I will briefly discuss in this paper some of my observations of about Chidi Kwubiri’s works that takes him out of the ordinary. He, I believe creates his art beyond the convergent information in his possession. He prods on high level long visual thinking in creating his subjects. He engages the extra-mile factor in his painting presentations. He breaks out of the box in creating subjects that are aesthetically pleasing, socially informing, consistently entertaining, educatively documenting, and politically relevant to his time in space. In some of his works, he creates a potpourri of several things by mixing the unmixables. He synthesis the old and the new, tradition and modernity, etc. Despite Chidi’s calculative forms, fine draftsmanship, thematic designs, he allows randomness, freedom and spontaneity. In his works, he engages and interrogates simple thinking.

According to him, his sources of inspiration are his culture, people, music playlists, sweet hot egusi soup, vita and of course his mood of happenings around him locally and globally. His themes just like any other artists revolves around nature, universal existence, hope, contemplation, reflection, cohesion, diversity and unity, compassion, kindness, respect, and human interactions. All these are pointers to the fact that Chidi Kwubiri in his works can be seemingly referred to as a missionary, teacher, philosopher, historian, journalist, social scientist, narrator, home moulder, preacher, thinker and above all an ‘aspiring sage’. Footprint is an admixture of artworks  that tells both storming and sweet stories about his personal life; about people who in one way or the other that have left their footprints in his life and stories of people he has impacted  and would still impact positively in the course of his sojourn on earth by giving directions on life matters, sharpening perceptions on issues, triggering or reflecting thoughts on individual, collective, community or global reasonings that would make the world a better place.

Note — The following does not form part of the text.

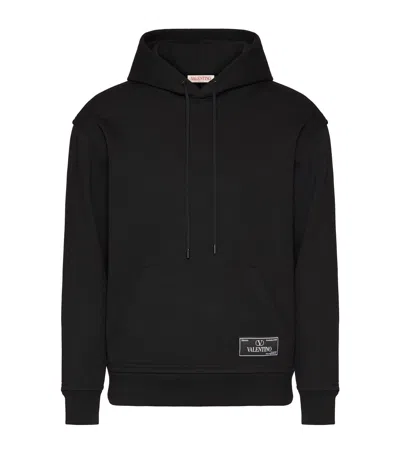 Valentino Logo Patch Hoodie In Black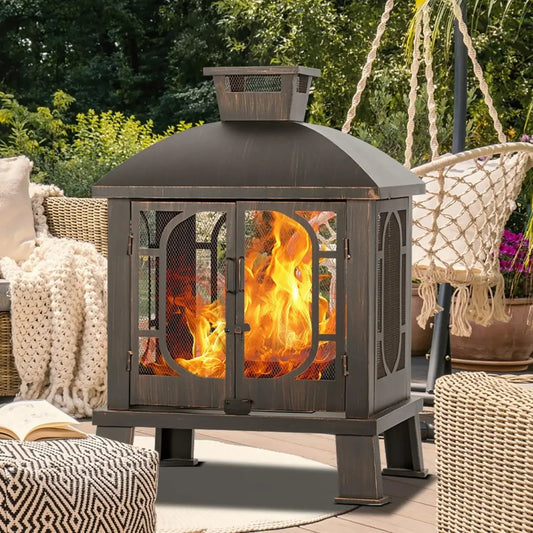 Vintage Charm Chiminea Fire Pit with Grill and Pocker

To say that Chidi Kwubiri has enjoyed and combined the art trajectories of two worlds is an understatement. This he achieved and interrogated by virtue of his training, practice cum University Education in Germany, and the advantage of being a “home boy or son of the soil” in Nigeria. The fusion and synthesis of these two worlds is a plus in the art practice of Chidi. His works negotiates the complexity of two different cultures while still holding strong to his local roots. He has constantly advanced and innovated his own form of pointillist painting technique that engages layers of dripping paints which eventually creates forms and optical illusion. He is perhaps one of the modern African artists that uses new materials, ideas and techniques; experimenting in ways that hitherto were uncommon and Eurocentric.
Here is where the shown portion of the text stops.